My name is Vicky. I live in Colorado. I'm 43 and a divorced mother of two. I'm a medical transcriptionist, and a writer. Less than two weeks ago I was diagnosed with colon cancer. I don't smoke, drink, or do drugs, and I don't have a family history of colon cancer. Writing is my way of dealing with and processing what I'm going through. This blog is a way for me to do that for myself, my family, and anyone else who might benefit from it.

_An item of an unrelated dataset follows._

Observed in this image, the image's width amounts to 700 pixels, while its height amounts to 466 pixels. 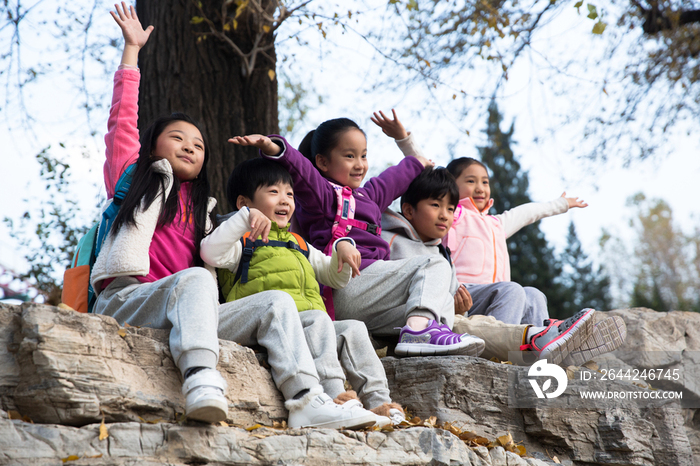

Saturday, October 25, 2014

10th DAY OF RADIATION

Wednesday October 8, 2014.

I was upped from 2 pills of the Xeloda twice a day seven days a week, to 3 pills twice a day Monday through Friday.  I asked why and the oncology doc said that this is my max dose, that he started me low to see how I was tolerating it, and that since I was tolerating it extremely well it was time to up me to the max.  I hope I don’t now start seeing side effects!  So far the only real side effect has been having such a dry mouth.  Oh, and I did have a couple bouts of diarrhea, but only one time each and then the rest of the day I was fine.  I don’t think it had anything to do with what I’ve been eating, although I’m still eating actual meals even though I’ve been told to eat only small snacks.   I can’t help it, I’m starving.  With all the packing, moving, and now cleaning, I’m so hungry by the end of the day and it feels good to eat up a solid meal.  Weight 138.6

I was informed that my insurance finally approved my chemo pills but that my copay would be $250 after they calculated exactly how many pills I’d need now on my new dose.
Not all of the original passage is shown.